_WHAT IS REQUIRED_
Below is a block of entries; repeat exactly the lines starting at the line that contains "Sigh Tragedies Unisex" and ending at the line that contains "BMW M2 Gebrauchtwagen", both included.

_INPUT RECORDS_
*****

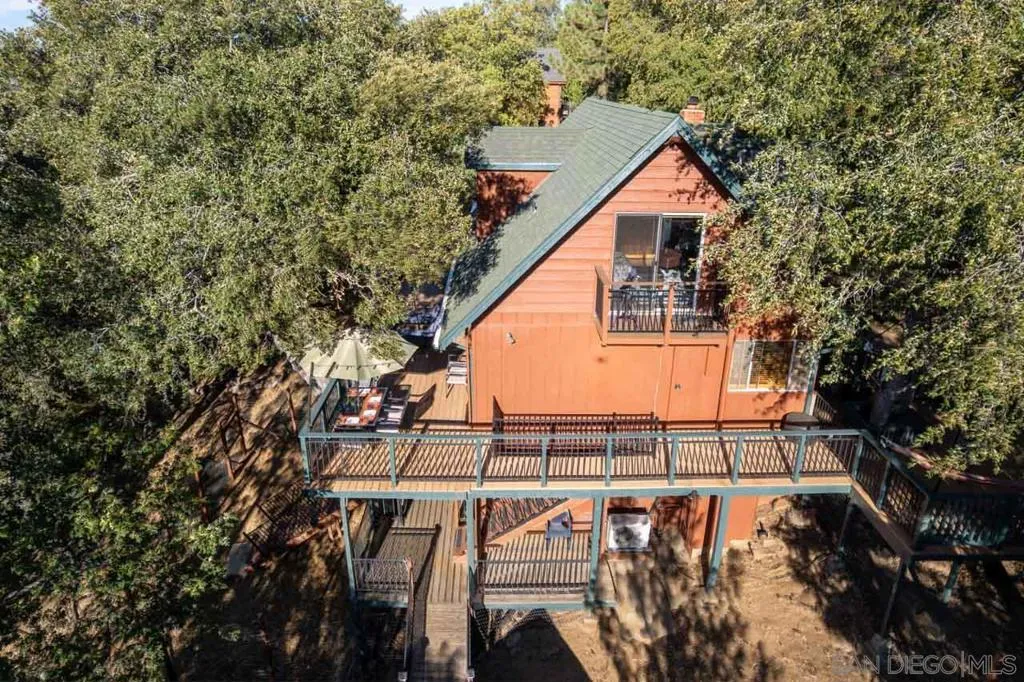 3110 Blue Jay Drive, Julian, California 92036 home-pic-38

*****

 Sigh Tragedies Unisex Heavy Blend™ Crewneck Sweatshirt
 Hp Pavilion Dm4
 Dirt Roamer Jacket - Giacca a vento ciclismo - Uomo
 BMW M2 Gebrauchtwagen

*****

_WRITTEN RESPONSE_
 Sigh Tragedies Unisex Heavy Blend™ Crewneck Sweatshirt
 Hp Pavilion Dm4
 Dirt Roamer Jacket - Giacca a vento ciclismo - Uomo
 BMW M2 Gebrauchtwagen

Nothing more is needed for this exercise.